To do:
Leave out the pictures and retype, exactly, the lines below from the line with "Designer Pastel Yellow" up to and including the line with "未使用 ZIPPO/ジッポー アーマーケース", nothing more.

Material for this exercise:
********************
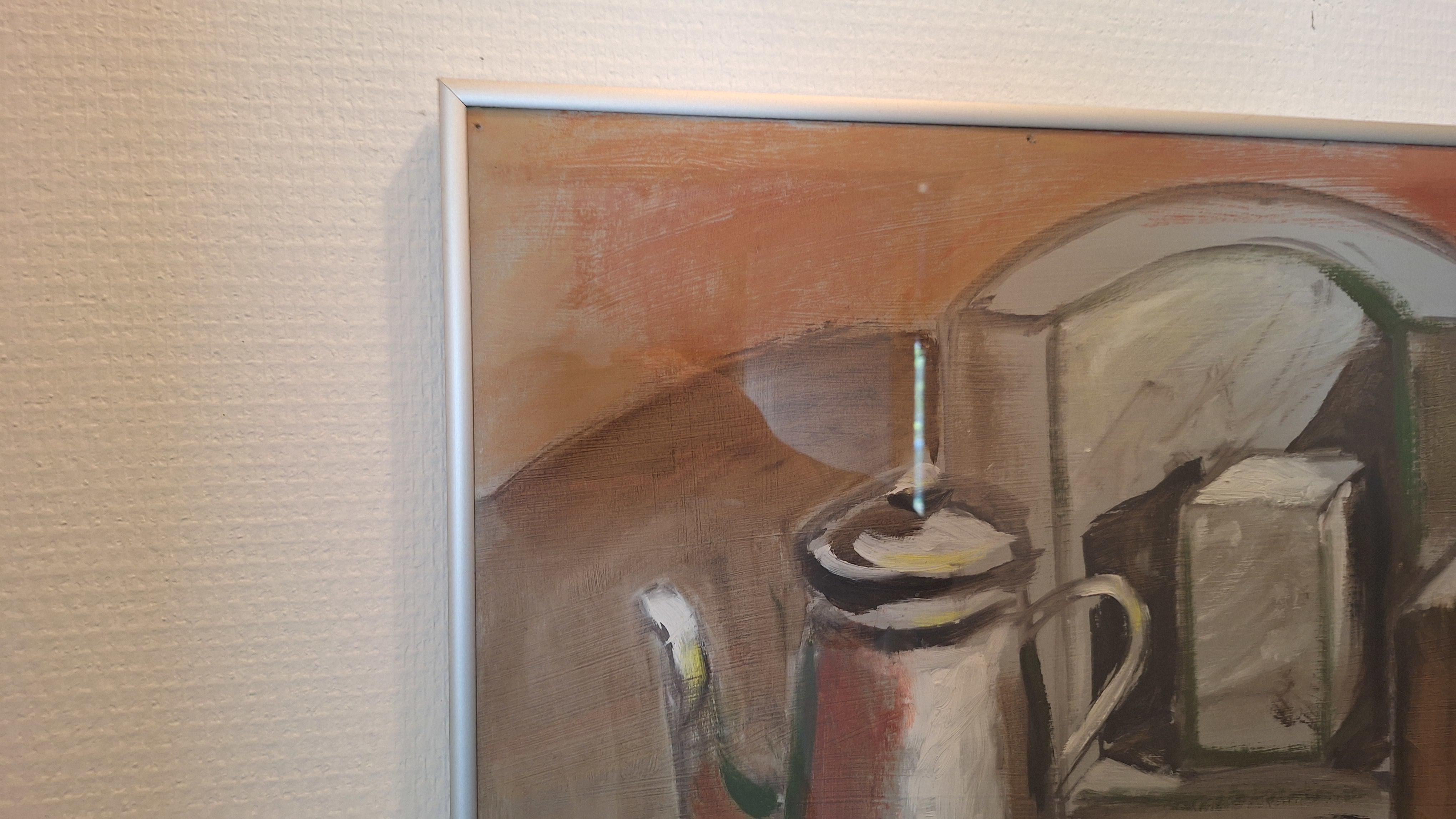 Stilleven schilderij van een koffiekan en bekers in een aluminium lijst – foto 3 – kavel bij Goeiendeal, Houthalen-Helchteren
********************
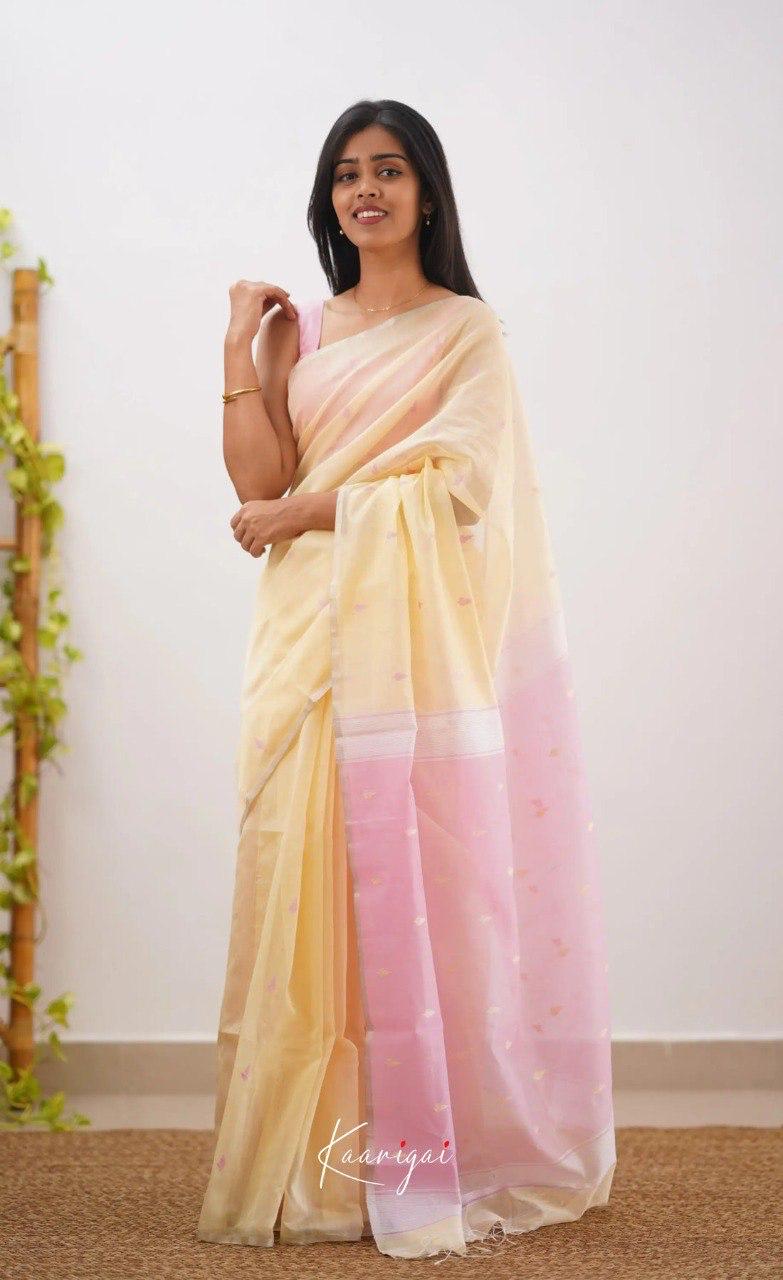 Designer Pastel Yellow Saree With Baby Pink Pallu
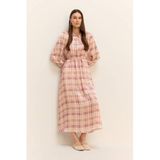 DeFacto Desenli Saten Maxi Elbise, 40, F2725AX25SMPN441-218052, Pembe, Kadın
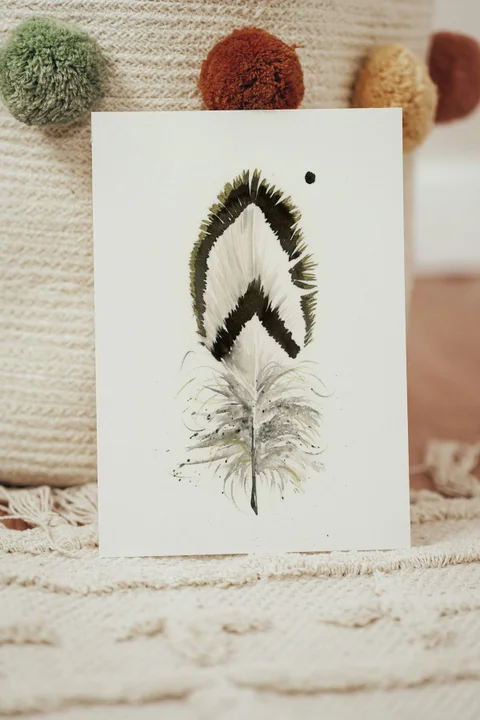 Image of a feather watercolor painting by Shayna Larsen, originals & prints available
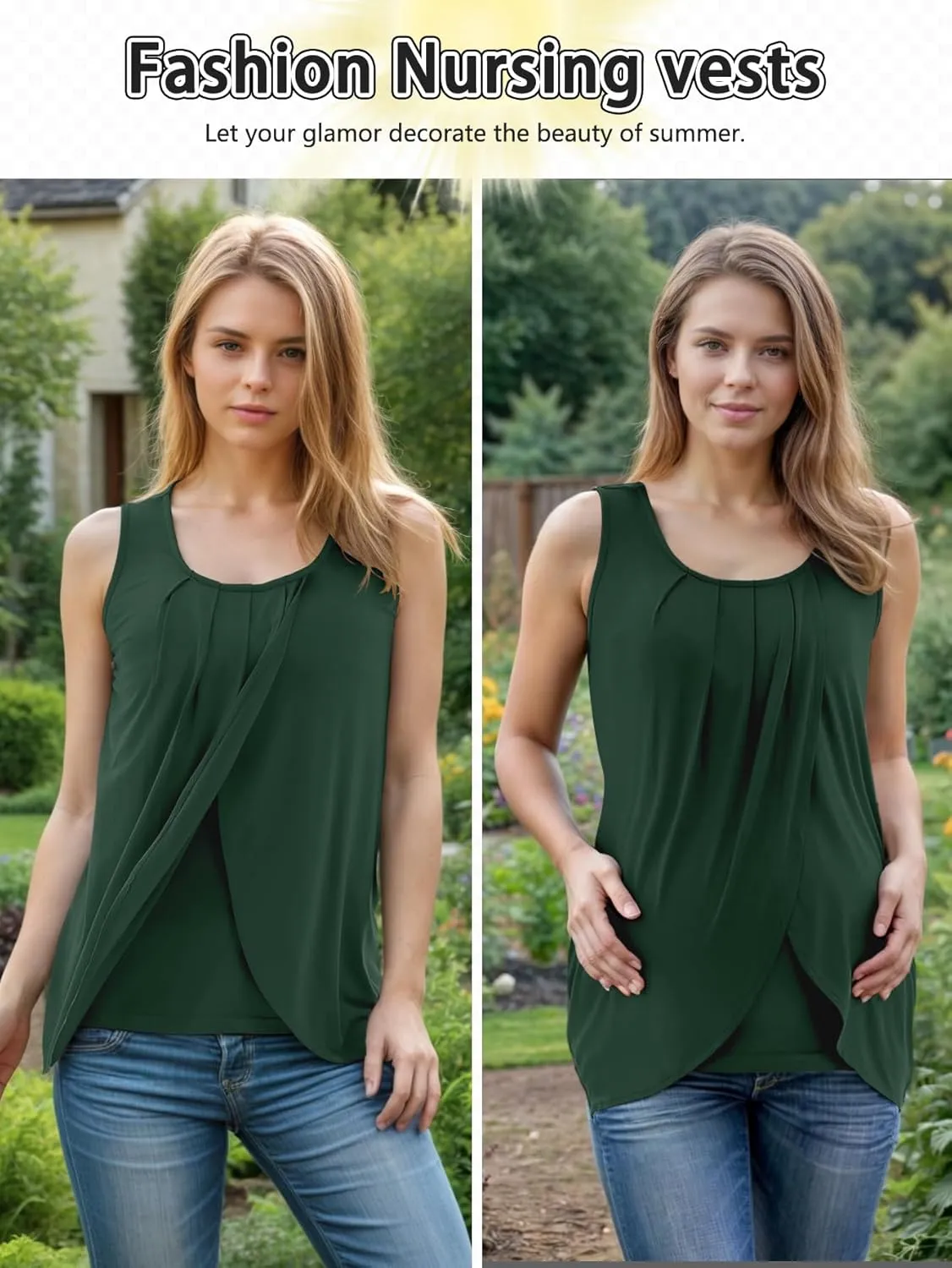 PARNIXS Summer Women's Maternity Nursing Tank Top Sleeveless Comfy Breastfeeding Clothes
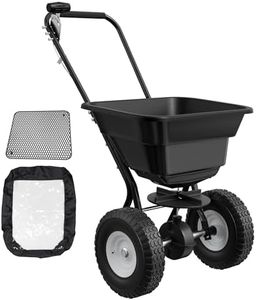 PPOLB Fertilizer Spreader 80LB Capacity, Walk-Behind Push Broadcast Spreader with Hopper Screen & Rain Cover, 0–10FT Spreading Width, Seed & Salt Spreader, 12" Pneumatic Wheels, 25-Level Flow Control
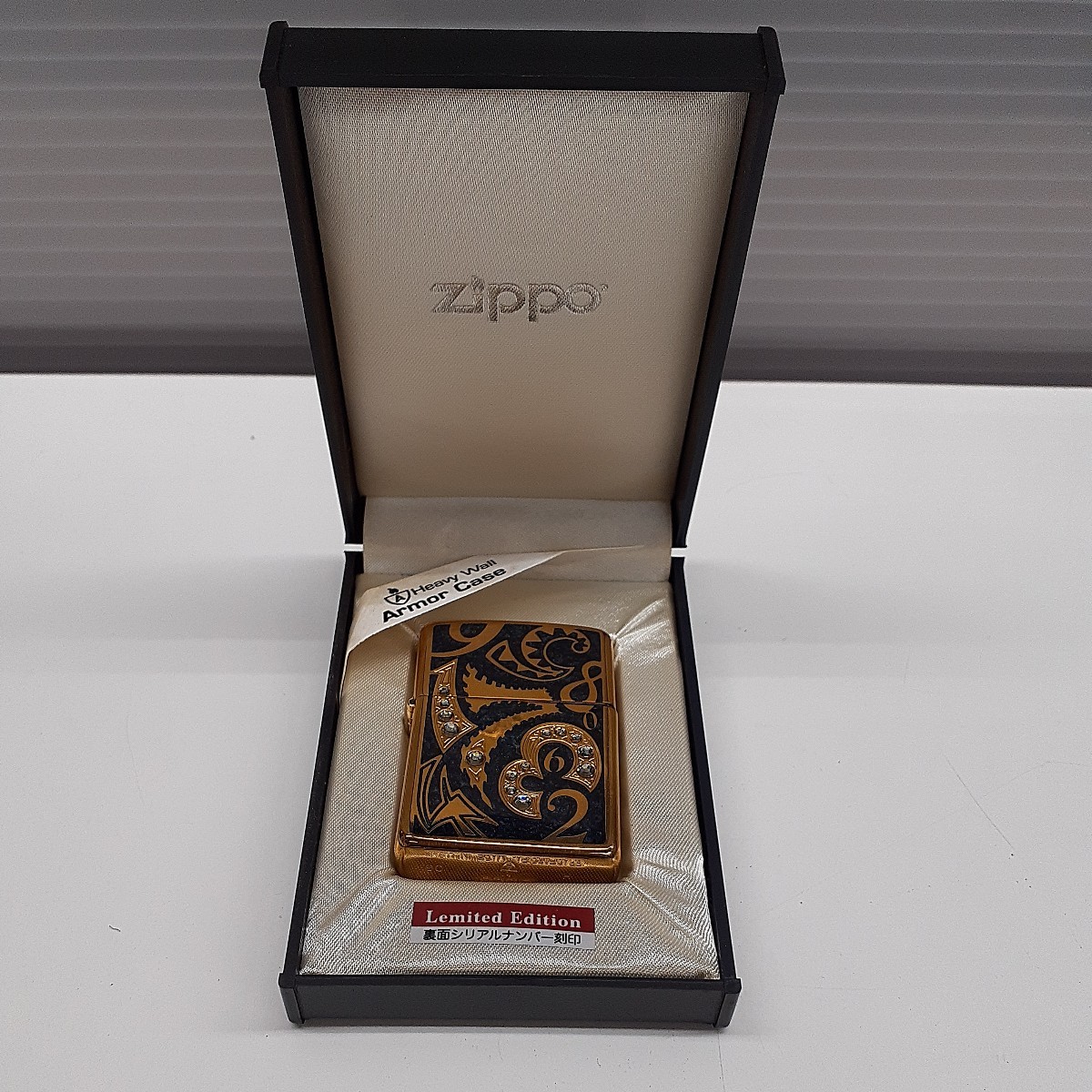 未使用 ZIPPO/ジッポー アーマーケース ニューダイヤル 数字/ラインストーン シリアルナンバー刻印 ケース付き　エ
********************
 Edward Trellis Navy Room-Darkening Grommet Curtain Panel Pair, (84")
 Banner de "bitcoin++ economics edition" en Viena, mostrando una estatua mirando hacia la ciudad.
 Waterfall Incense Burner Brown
********************
Task output:
 Designer Pastel Yellow Saree With Baby Pink Pallu
 DeFacto Desenli Saten Maxi Elbise, 40, F2725AX25SMPN441-218052, Pembe, Kadın
 Image of a feather watercolor painting by Shayna Larsen, originals & prints available
 PARNIXS Summer Women's Maternity Nursing Tank Top Sleeveless Comfy Breastfeeding Clothes
 PPOLB Fertilizer Spreader 80LB Capacity, Walk-Behind Push Broadcast Spreader with Hopper Screen & Rain Cover, 0–10FT Spreading Width, Seed & Salt Spreader, 12" Pneumatic Wheels, 25-Level Flow Control
 未使用 ZIPPO/ジッポー アーマーケース ニューダイヤル 数字/ラインストーン シリアルナンバー刻印 ケース付き　エ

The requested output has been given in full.